# Necron Res Orbs. Worth It?



## Brian007 (Aug 8, 2008)

I was thinking about running a list with a lot of units of warriors. My thought was to put a lord with each unit and give him a res orb.

So my question is this. Is spending 150-180 (5-6 orbs) points worth it to up the chance of them standing up OR is it better to just take those points and buy something else?

I have heard players say that they would take more guys on the table over having a smaller stronger army. That is why I am asking this question.

Thanks!


----------



## Icarsun (Dec 14, 2011)

The Res Orb takes you from having a 1/3 chance to a 1/2 chance of getting back up. Which isn't too bad. Having said that, for that amount of points you can fit in another ten man Warrior unit with a basic Cryptek or a ten man Immortal squad.

I would say, unless you're building your list to be a farm list (Spyders + Scarabs/Warriors + Ghost Arks/Res Orbs everywhere) designed to create an unbreakable wall of Necrons, don't rely on Ressurection Protocols. It's a nice bonus to the entire army, but if you design your army without RP in mind, you'll save not only a lot of points but build something that in my opinion is much more well rounded.

To sum it up, in my opinion, Res Protocols is a bonus, not a crutch.


----------



## darklove (May 7, 2008)

It pays for itself.

An orb in a unit of Warriors only needs to bump 3 Warriors in a game to make the points back.
In a unit of Immortals it only needs 2.
In a unit if Lychguard just 1.

Orbs are helpful in demoralising the enemy too, so help the game in that aspect too.


----------



## Fallen (Oct 7, 2008)

war scythes are more important IMO, but having 1-3 res orbs are really nice to have if you have a couple of ghost arcs to go along with them


----------



## Brian007 (Aug 8, 2008)

So is a list built around a LOT of warriors a good list? I like the idea of 120 warriors marching across the table but that does not mean it would be a good list!! lol

So would you have the ghost arks by the units with or without the res orbs? I have 4 of them I can use. 

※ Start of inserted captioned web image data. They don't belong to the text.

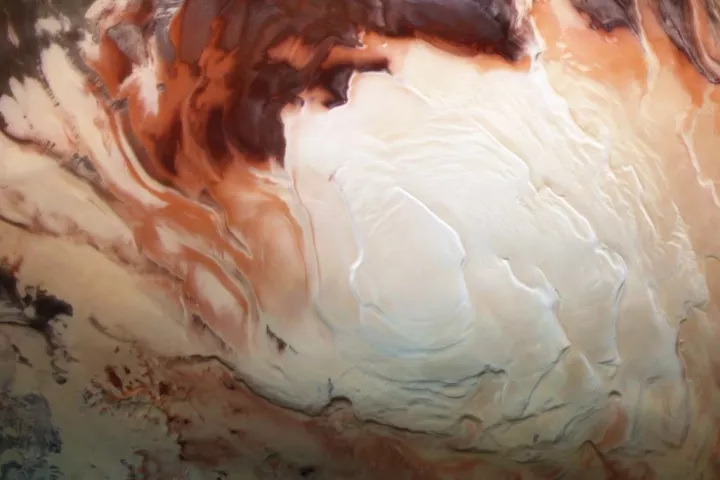 The ice cap at the south pole of Mars, beneath which liquid lakes were thought to exist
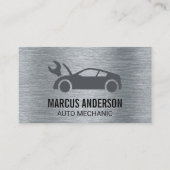 Auto-Logo | Metallic Brushed Visitenkarte (Vorderseite)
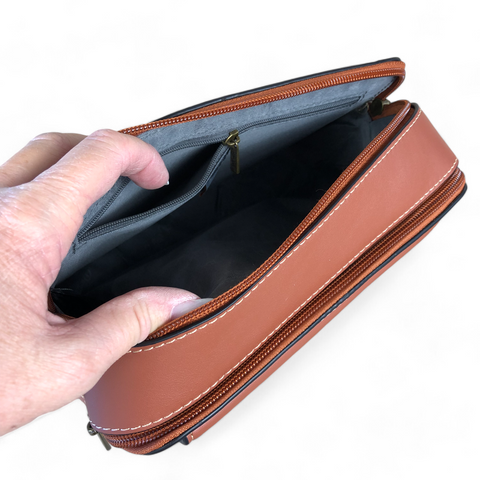 Cotton Road Sling Bag: TAN BROWN PU Leather Sling Bag with BRANDED STRAP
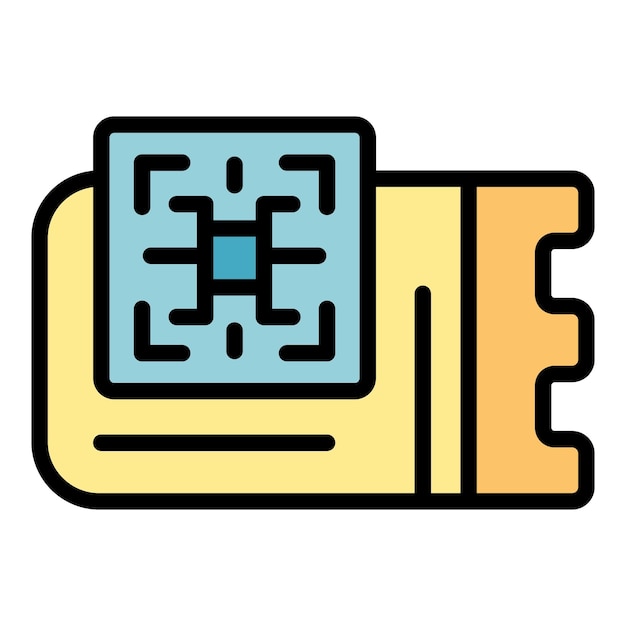 Vector de contorno del icono del billete de cine Qr Pase del festival El color del espectáculo de la película es plano
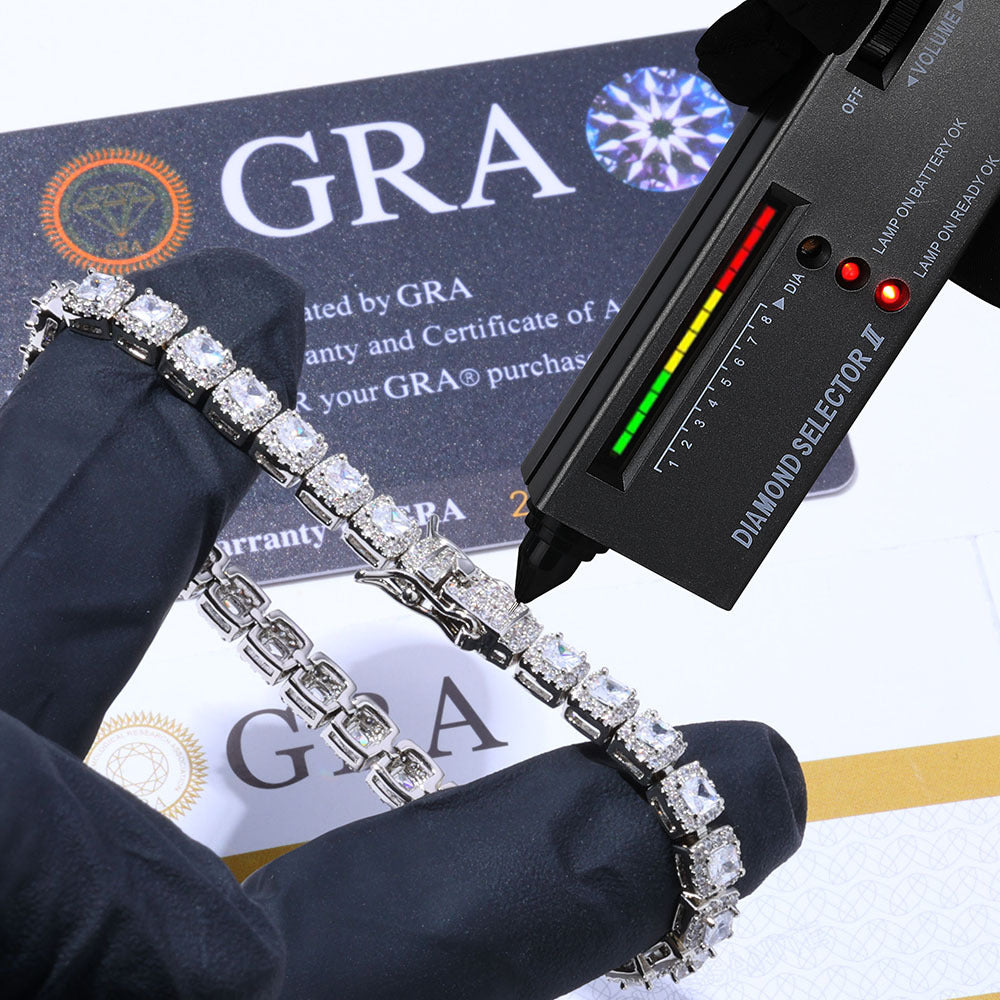 5mm White Gold S925 silver moissanite full diamond rock candy tennis bracelet Gubanlink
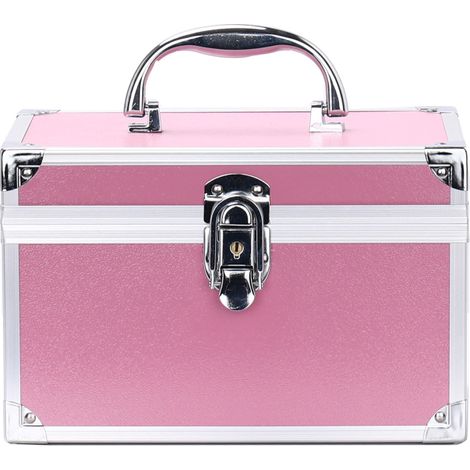 Boîte de rangement cosmétique portable avec serrure, idéale pour ranger bijoux et accessoires de maquillage.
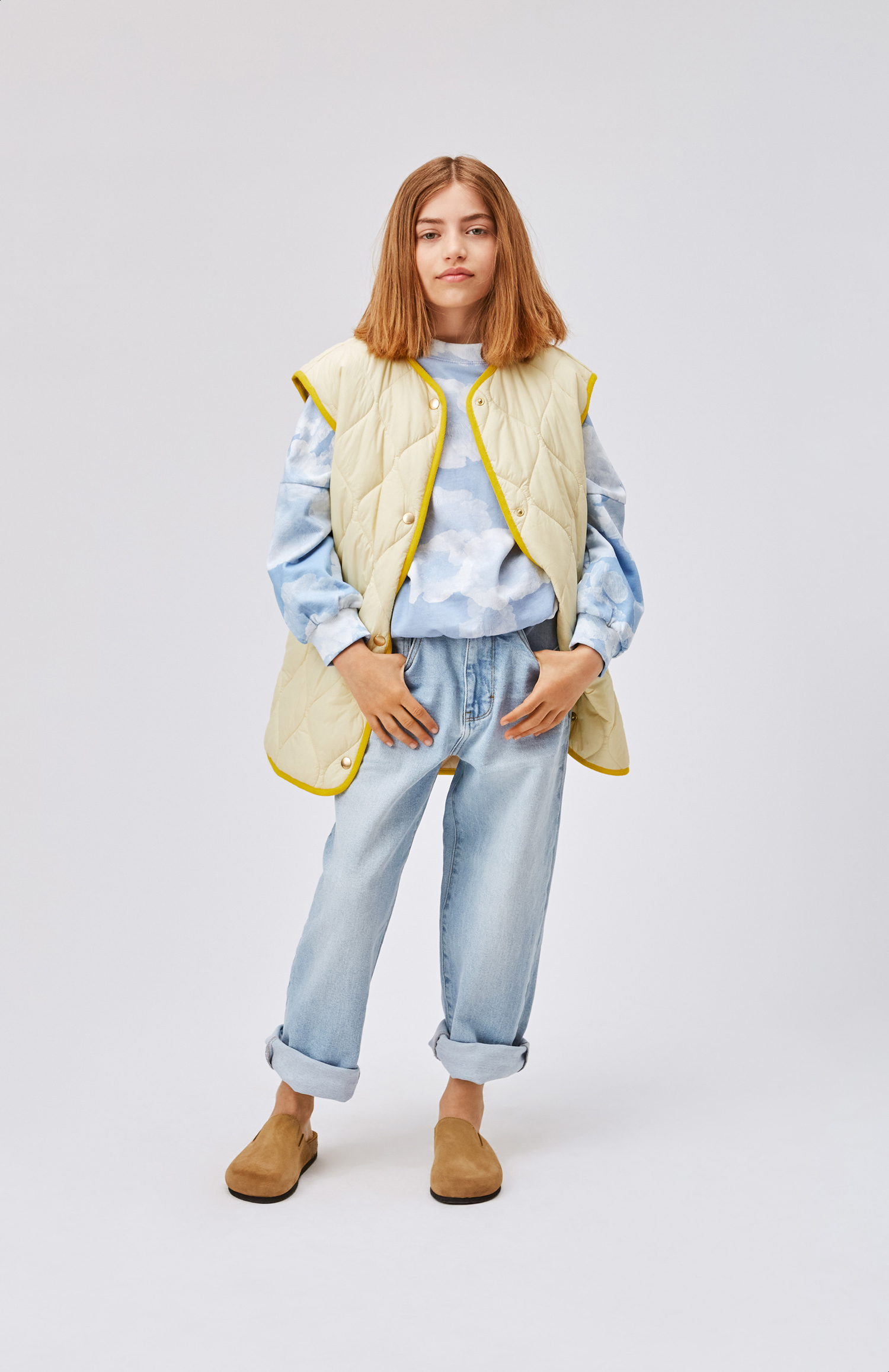 Heisley - Vanilla - Recycled lysegul quilted vest med gule kanter - Molo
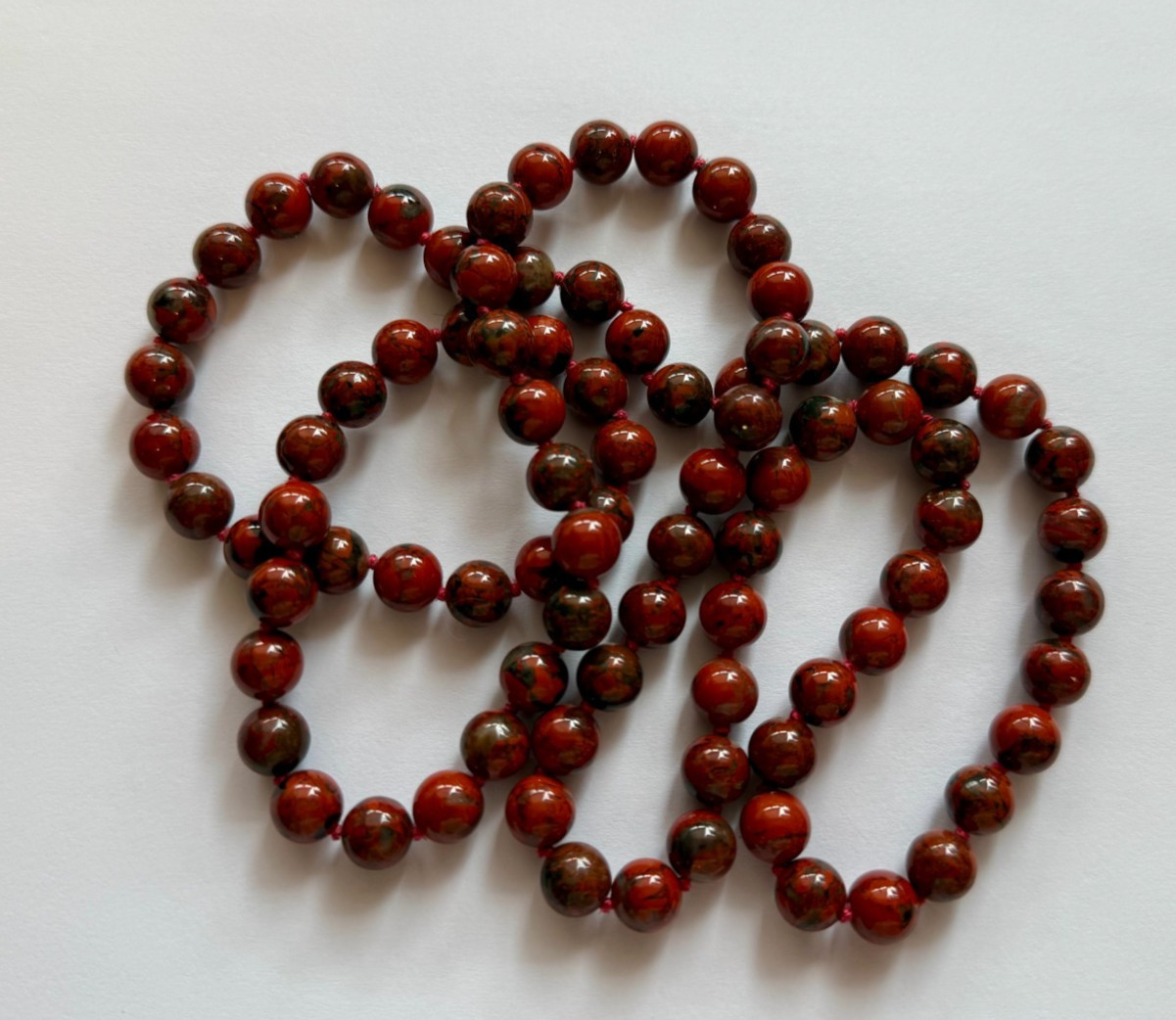 Gemisphere Poppy Jasper Necklace, Quality 3, 8mm, 30 in.
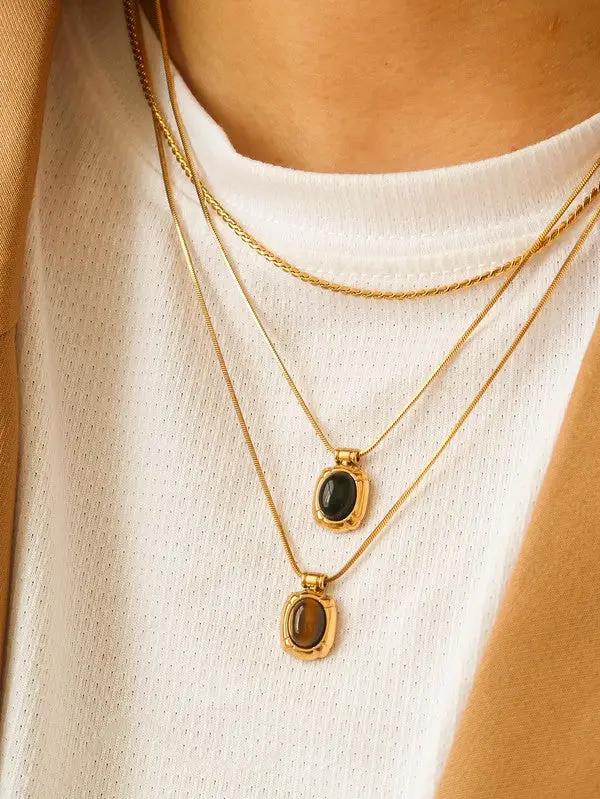 Collar De Piedra Natural En Oro 18K Y Acero Inoxidable Ágata Negra Ojo De Gato Y Aventurina Verde Exclusivo by Yanet Collective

Are the elites worth the high point cost to get them or is it better to stick with warriors?


----------



## darklove (May 7, 2008)

I am preferring Warriors at the moment. Most Elites come in at about 200pts, which is quite a lot (20% of a 1k army). The only problem that Warriors have is that they can't hurt Wraithlords, but Wraithlords will probably get nerfed in the next Eldar Codex anyway.


----------



## Madden (Jan 22, 2012)

In this edition of tge book I'd go for res orbs in elite units only, they cost more now but the basic troops cost less so having them get back up again isn't as important these days plus the ghost ark does the job just as well if not better, I prefer to have my lords(court) with warscythe in warrior/immortal units to take care of any dreads/walkers that get to you (it can happen) but your best bet is to try it and see.


----------



## darklove (May 7, 2008)

I generally use orbs a lot. For the reason that you should, at the very least, want the Lord carrying it to have the best possible chance of getting back up. A single Lord can do amazing things. Last game I played, a Lord from a Deathmarks unit was the sole survivor of his unit, he went on to solo take down a unit of Dire Avengers, Pathfinders and a Night Spinner (tank thing), which is a very good ROI. He survived the whole game. (FYI, the Lord spec was: Orb, Warscythe, Mindshackle).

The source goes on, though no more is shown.